Both emigrated to the U.S. in their twenties, although they took different routes. Friends and acquaintances helped them find jobs and apply to U.S. universities. Eventually, they became American citizens.
Now they are in the thick of world issues, keeping their bosses informed daily on foreign policy issues and actions by combing the department, the White House, the intelligence community and elsewhere for the latest information.
“They have committed to helping shape America’s role in the world through defense and foreign policy,” said Carl Woog, the former senior advisor to the secretary of defense for strategic communications and now at the National Security Council.
“I have never heard of a story of two brothers playing such a critical behind-the-scenes role at the Pentagon.”
For Ylber (pronounced ill-BEAR), deputy chief of staff for policy to Secretary of Defense Ashton Carter, it means making sure the secretary has the most up-to-date information on national security and foreign policy, Ylber said.
He also helps department staff look inward to implement Carter’s requests and “where he wants to take things for the department, particularly on foreign policy,” said Ylber, the younger brother by two years. With a graduate degree from Princeton, he has also worked in Iraq with David Petraeus, the former CIA director, as well as on Iran at both Defense and the White House.
Workdays are unpredictable, he said. “Crises happen. It’s a very dynamic environment.”
With his desk in a Pentagon office a mere 25 steps from Carter’s, Ylber travels with the secretary to international destinations and attends all his Pentagon meetings on foreign policy matters.

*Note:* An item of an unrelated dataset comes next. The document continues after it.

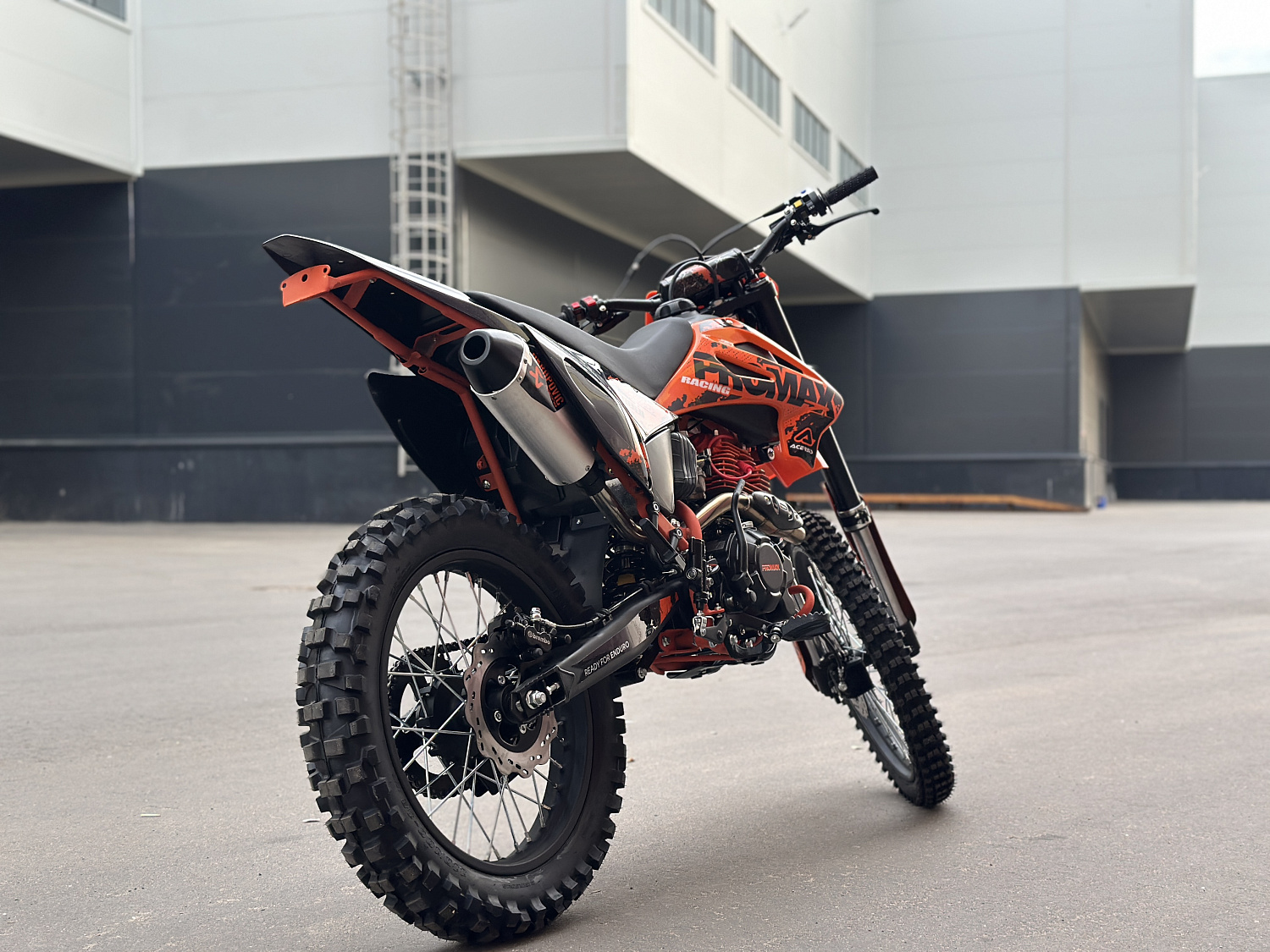 Кроссовый мотоцикл PROMAX MX280 в Перми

One of his roles is to help the secretary have the best information when people from department components press him to make particular decisions on issues. “You are the last line of defense in many ways,” said Ylber. “You have to make sure before the secretary signs that it’s as airtight as possible.”
For Ylli (pronounced ill-lee), special assistant to Deputy Secretary Robert Work, toiling at the “biggest department in U.S. government [means] the issues our principle deals with are enormous.”
Referring to Carter and Work as “two really thoughtful, highly charged intellectuals,” he added. “We make sure their visions are being completed.”
A graduate of Harvard’s Kennedy School of Government, Ylli has worked on policy issues related to Afghanistan and India, and did a rotation on an advisory group for the former chairman of the Joint Chiefs of Staff, Gen. Martin Dempsey, focusing on policy and security issues before landing his current position.
Now he covers international security and policy-related issues, traveling everywhere with the deputy secretary.
“It’s a fascinating job,” Ylli said. “Everything that touches our desk has some kind of crisis angle related to it.”
Eric Rosenbach, Carter’s chief of staff, said, “They are two of the most dedicated people I know. They are defending U.S. interests and doing it in a way that brings a much more enlightened perspective about America’s role in the world.”
The Bajraktaris, who grew up speaking Serbian and Albanian, feel indebted to the United States and to the people who helped them along the way.
Ylber was able to come to the U.S. in 1999, deemed a victim of ethnic cleansing. Ylli returned to Kosovo after the war to help their displaced family settle back home. Three years later, he moved to the U.S. with his Kosovo-American wife.
Both express gratitude to U.S. military personnel who “played a critical role in saving Kosovo,” many of whom they now see in the Pentagon’s hallways, Ylli said. One, a colonel who was shot down during the NATO operations against Serbia, became the Air Force’s chief of staff on July 1.
“No day passes when we don’t meet someone who served in Kosovo or has been part of the NATO’s mission against Serbia,” Ylli said.
“The commitment we have toward this country, it’s kind of an obligation more. We feel privileged and honored to work here.”